Credit spreads widened in 2015 across both investment grade and high yield bonds. This has taken place in an environment where policy is still highly accommodative in the developed world. We view the widening in spreads to be reflective of some fundamental themes that are likely to persist into 2016.

One of the main factors contributing to the widening in credit spreads has been the ongoing decline in commodity prices. This was most prevalent in the high yield sector, where energy and commodity-related issuance make up around 20% of the market. Energy spreads have widened by over 400bps and commodities have struggled to find a base in an environment of lower global growth. With global growth expected to remain constrained, this sector of the market is likely to continue to experience headwinds.

The widening in spreads also reflects deterioration in the growth outlook relative to expectations at the start of 2015. Rather than accelerate as was expected, global

growth momentum slowed during the year, raising the risk of financial stress and default. To an extent, this reflects a reassessment that potential growth in many economies, including the US, is lower.

At the same time, this widening in spreads will also work itself to constrain the growth outlook. Higher spreads represent a rising cost of financing for companies, lowering investment activity and putting pressure on company profitability.

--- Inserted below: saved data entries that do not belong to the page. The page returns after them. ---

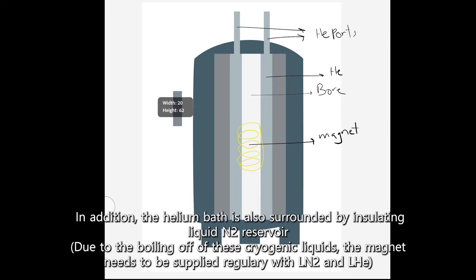In addition, the helium bath is also surrounded by an insulating liquid nitrogen reservoir.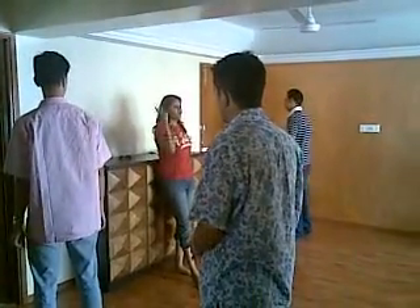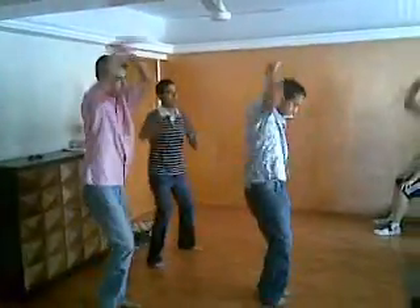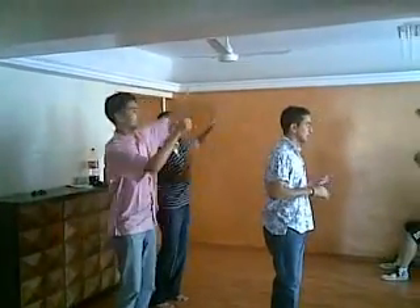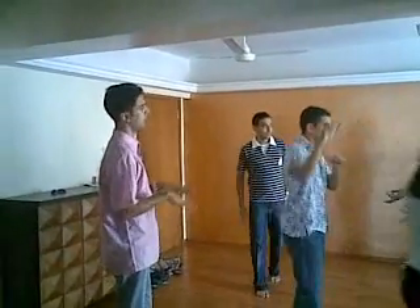First set. Now! First down? Oh sorry. No, I didn't mistake. First up. No, what are we doing? First up. First up or first down? We learnt first up.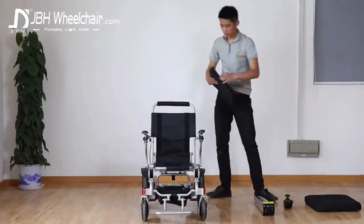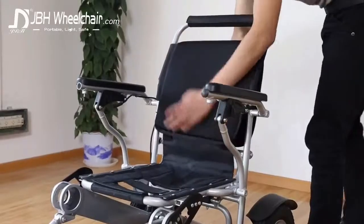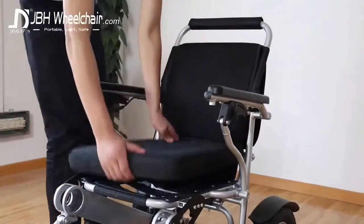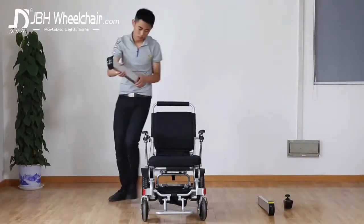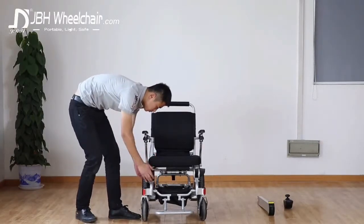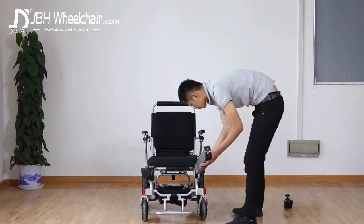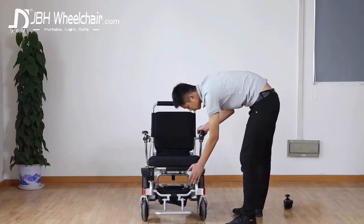We would like to introduce our JBH-D09 heavy-duty folding electric wheelchair. This model is quick and easy to assemble with separate backrests and cushion. The chair is delivered together with two batteries which slot easily and cleverly into the aluminum frame in perfect balance, and drive the two 250 watt motors within the lightweight but powerful chair.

Based on history, the widening in US investment grade spreads over the year to September 2015 points to growth across developed economies clearly slowing from its recent resilient pace.

These snapshots illustrate some of the broader themes embedded in credit markets and highlight some additional headwinds confronting investors in the year ahead.

With government bond yields at low levels in an environment of softer growth, many investors have flocked to credit markets in search of higher returns. While this strategy has worked in the past to deliver strong performance, we find the case for continued outperformance more difficult as credit markets adjust to a new trend.

FIXED INCOME SPOTLIGHT:

WHAT IS CREDIT TELLING US?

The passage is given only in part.